Part 2 — Why does it break? A falsification-driven representational study of generalization failure: across held-out generators, is leave-one-attack-out non-transfer explained by probe-recoverable generator identity (H1 — falsified) or by boundary geometry / bona-fide proximity (H2 — supported)? (Run; see report.md and research-design.md.)

The two halves are one story. Part 1's channel/codec degradation is, in Part 2, one of the shortcut confounds a generalization claim must survive — the same degradation pipeline that quantifies deployment robustness becomes the control that separates genuine synthesis artifacts from spurious channel cues. Part 1 ships the frozen-embedding + evaluation infrastructure Part 2 builds on.

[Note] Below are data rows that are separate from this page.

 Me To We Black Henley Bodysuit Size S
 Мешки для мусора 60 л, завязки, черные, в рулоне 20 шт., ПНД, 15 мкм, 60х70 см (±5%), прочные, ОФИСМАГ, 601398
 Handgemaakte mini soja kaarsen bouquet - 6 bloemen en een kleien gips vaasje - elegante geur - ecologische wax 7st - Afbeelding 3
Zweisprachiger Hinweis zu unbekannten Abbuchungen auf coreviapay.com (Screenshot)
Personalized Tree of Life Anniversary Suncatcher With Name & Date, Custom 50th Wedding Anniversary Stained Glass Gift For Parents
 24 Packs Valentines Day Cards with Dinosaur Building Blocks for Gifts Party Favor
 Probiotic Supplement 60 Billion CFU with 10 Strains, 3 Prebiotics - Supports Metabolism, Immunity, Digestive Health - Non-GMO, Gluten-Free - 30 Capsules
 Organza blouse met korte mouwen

Part 1 — Robustness under real-world degradation

  • Baseline: clean EER / min-DCF / ROC / DET on the ASVspoof 2021 LA eval set.
  • Degradations (src/degradations.py): MP3 (8–128 kbps), telephony (300–3400 Hz bandpass + G.711 mu-law), additive noise (0–30 dB SNR), and streaming (chunked inference, 500 ms–4 s).
  • Failure analysis: per-attack-type EER deltas (attacks A07–A19, grouped by generative mechanism — see data/attack_taxonomy.json).
  • Extensions: transcript-conditioned NLP signals, TTS-attack profiling, reconstruction-error detection (AeroBlade analog), prosody — see src/{nlp_features,attack_profiling,reconstruction,prosody}.py.

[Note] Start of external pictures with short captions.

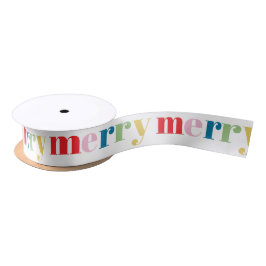 Modern Colorful Merry Cute Holiday Satinband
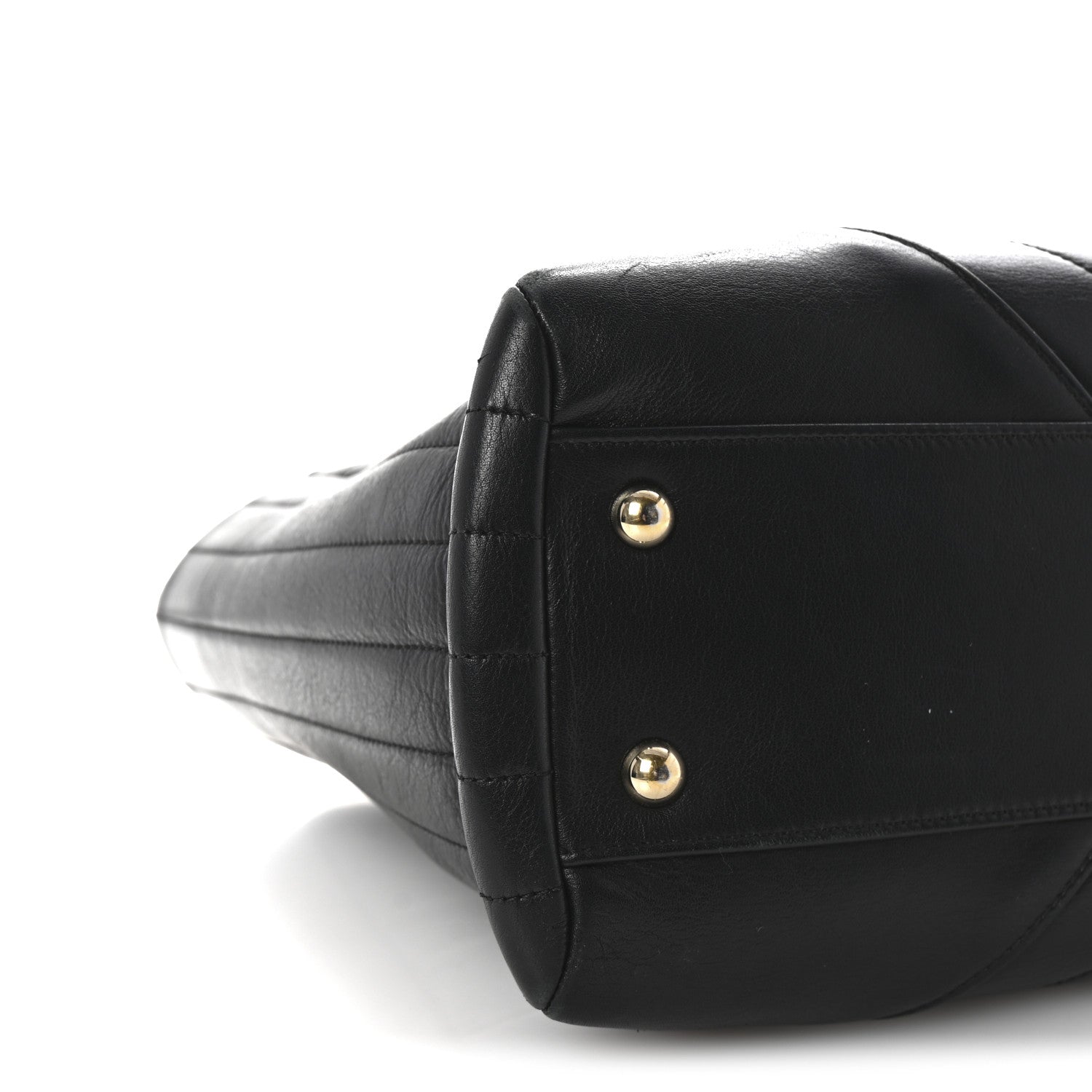 Chanel Calfskin Chevron Quilted Statement Shopping Tote Black 9 of 10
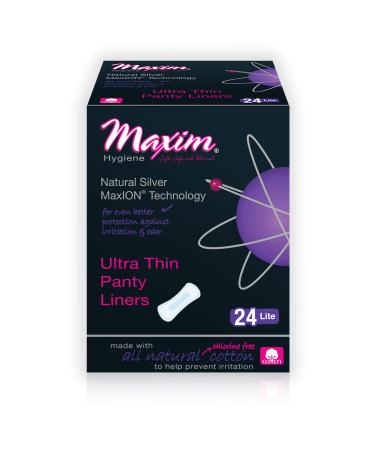 Maxim Hygiene Products Ultra Thin Panty Liners Natural Silver MaxION Technology Lite 24 Panty Liners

Part 2 — Why detectors fail to generalize

The intellectually rigorous arm. Central falsifiable hypothesis: across held-out spoofing families, probe-recoverable generator identity predicts LOAO generalization failure; a targeted high-frequency vocoder-artifact band-mask improves LOAO EER over a bandwidth-matched control. Full protocol — leave-one- attack-out matrix, shortcut ablations, selectivity-controlled probing, the correlation test, the pre-registered intervention, and the verified reference list — is in research-design.md. §8 there maps it onto this codebase (≈3 new modules: embeddings.py, probes.py, experiments/loao.py).

Key Findings

Full write-up with figures in report.md.

  • Clean baseline (full 165k-trial eval): EER 9.73%, AUC 0.967.
  • Noise — not compression — is the failure axis. MP3 is ~free (EER drops to 8.5% at 32 kbps); additive noise pushes EER to 25.7% at 0 dB. Streaming needs ≥4 s of context (EER rises to 12.5% by 2 s). Native-codec effect is modest (PSTN worst, 8.2%).
  • A10 (Tacotron2+WaveRNN) is the standing blind spot: 27.5% EER even on clean audio, while A09/A13 sit near 0.5%.
  • Generalization: H1 falsified, H2 supported. Generator identity is linearly decodable to ceiling at every one of 25 layers, so it can't explain differential non-transfer; instead bona-fide proximity predicts the leave-one-attack-out gap (cos-distance vs gap ρ=−0.60, p=0.029). The worst case, A19 (gap +13.9 pp), is the bona-closest generator; fine-tuning the encoder moves it off the bona manifold and collapses its gap to +4.6 pp.

Setup

python -m venv .venv && source .venv/bin/activate
pip install -r requirements.txt
brew install ffmpeg            # system dependency for MP3 codec
  • Use Python ≤ 3.12 (the G.711 path uses stdlib audioop, removed in 3.13; a numpy fallback exists but the stdlib path is preferred).
  • Download data per data/README.md.

Artifacts (Hugging Face)

Large derived artifacts are hosted on Hugging Face rather than committed to git:

Artifact Contents Backs Repo
XLS-R embeddings cache frozen per-layer features (layer_*.npy, utt_ids.npy, meta.csv); Regime A (off-the-shelf) + Regime B (fine-tuned encoder) Part 2 — LOAO, H1 layer sweep, H2 geometry sempertemper/asvspoof-xlsr-embeddings (dataset)
SSL_Anti-spoofing weights LA_model.pth (XLS-R 300M + AASIST) the Part 1/2 baseline detector sempertemper/ssl-antispoofing-weights (model)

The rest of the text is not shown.